The Advancing Audiobook Market
I’ve mentioned before about the growing audiobook industry and the importance of giving it attention, as well as how to get audio versions of your books created. Today, I wanted to talk about why I’ve banged that drum so hard, as well as dive into the audiobook market as a whole. Seeing as next Thursday the first book in a new Audible Original series drops, 5-Minute Sherlock: The Case of the Damaged Detective, this seems like an especially prescient moment to tackle the topic. Plus, you know, work in an obvious plug.
To start with, let’s briefly touch on why the audio-market is currently exploding, although the factors I can see are likely the same ones you’ve observed. It largely comes down to access and cost, which the last ten years have revolutionized. Think back to what audiobooks used to be, cumbersome and expensive tape/CD sets that had to be brought along and changed out. Even using libraries to mitigate cost, that was the sort of setup where you had to really want audiobooks to listen to them.
And then, the digital age came. Suddenly you could store dozens of audiobooks on the same device you already had for GPS directions, as more and more cars became capable of playing from your phone. Add in that Audible’s credit system flattened out the pricing structure, as well as library borrowing apps, and you have a situation where a lot more people who would enjoy audiobooks are getting easy access to them. With the logistical hurdles gone, it’s turning into a matter of taste, and plenty of folks are finding the things to love about audiobooks.
That’s part of why the audiobook market is expanding so quickly, but let’s shift gears now to what that actually means. Essentially, there is a parallel book market with readers just as hungry, engaged, and involved as the ebook version, only with far fewer authors in it. Not every book becomes an audiobook, especially in the indie world where options are limited, which means the market is inherently smaller, for now. Sooner or later, the process will be smoothed over, allowing more books to become audio, and that will be awesome for the industry as a whole. For the moment though, the smaller market makes it easier to stand out.
Part of that means getting into the audiobook market as soon as you can. Which, truthfully, should likely be a goal anyway. We write our books so that people will read them, it only makes sense to offer those works in as many formats as possible to accommodate the different types of reader out there. While it is true that making audio as an indie can be a bear, it’s a bear worth wrestling.

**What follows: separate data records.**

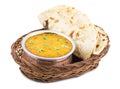 Indian Vegetarian Cuisine Dal Makhani Royalty Free Stock Photo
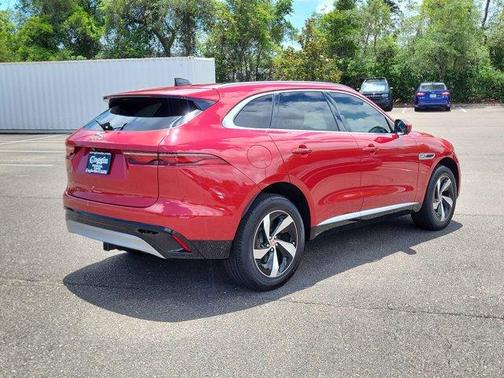 Firenze Red 2022 Jaguar F-PACE P250 S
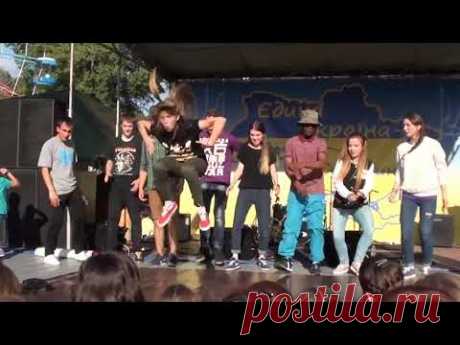 Street dance Hip-Hop Master Class. Уличные танцы хип-хоп. Мастер класс от Under the Groove Studio - YouTube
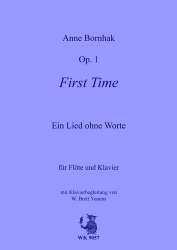 First time op.1 Ein Lied ohne Worte - Anne Bornhak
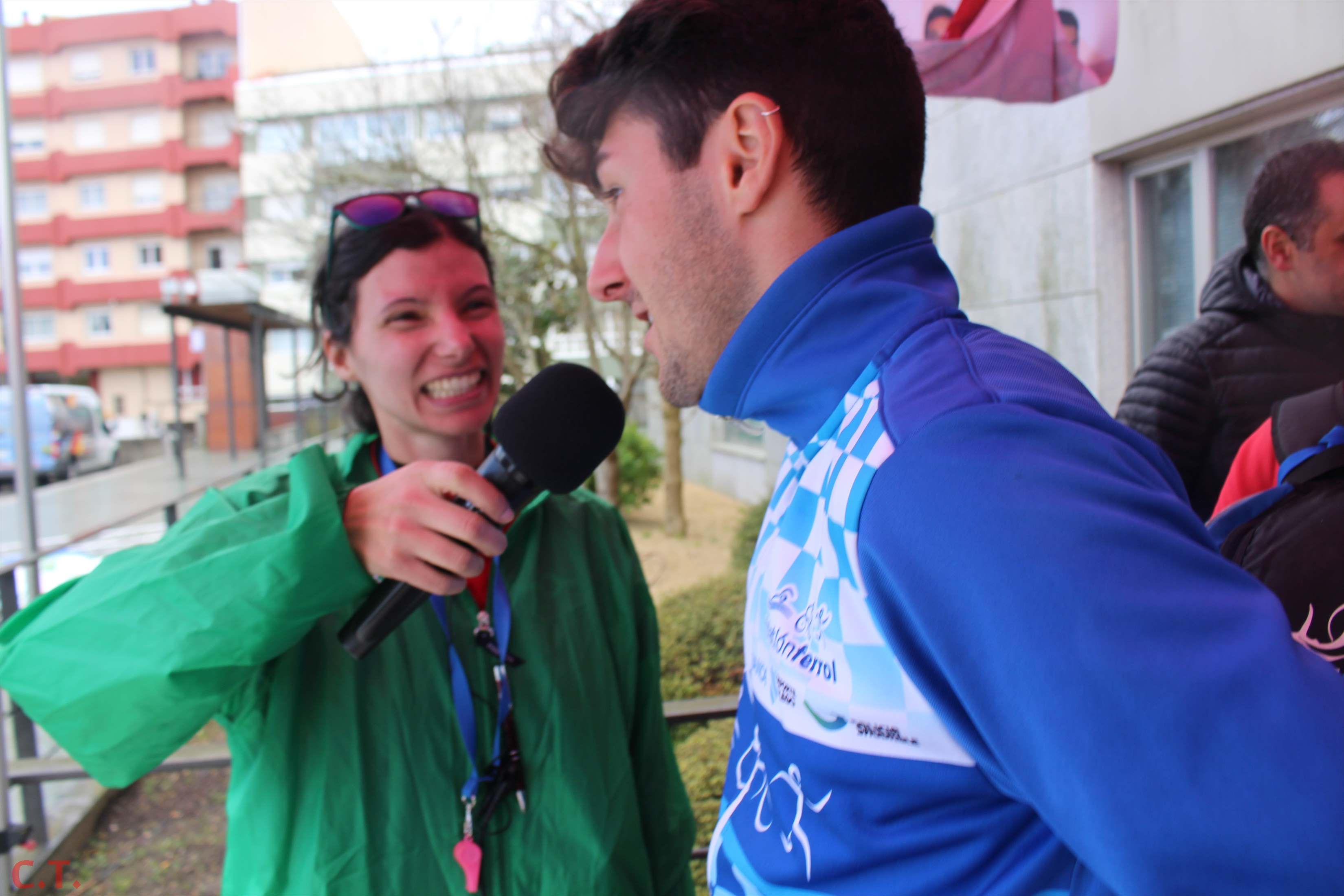 Fotos Campeonato España Duatlón por relevos mixtos - Meta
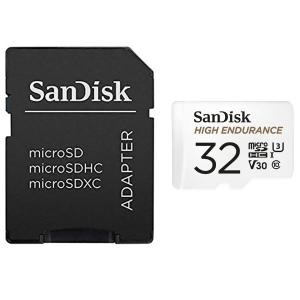 2枚以上がお買い得 SanDisk マイクロSDカード SDHC 32GB 高耐久 High Endurance ドラレコ 監視カメラ｜innovate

Outside of solid book release policy, readers have good memories, they’ll remember which authors made a point to be available before it was the norm.
If that seems like I’m overstating how big and strong the audiobook audience is, trust me that this is all coming from experience. For the past two years, I’ve sold more audiobooks than digital versions. Now, to be fair, the Audible credit system heavily weights in favor of longer books like mine. If they all cost the same (1 Credit) then quantity becomes a concern up there with quality, so someone might do all of SP even if they only kind of like it just because it fills half a week. But the fact remains that when I say audio is a huge market, I’m very serious and working from hard data. It’s part of why I jumped on the chance to do another Audible Original, and launch a series out of it. I try to always keep my readers in mind, and knowing that many are audio-focused means at the very least there can be one set of books they get first.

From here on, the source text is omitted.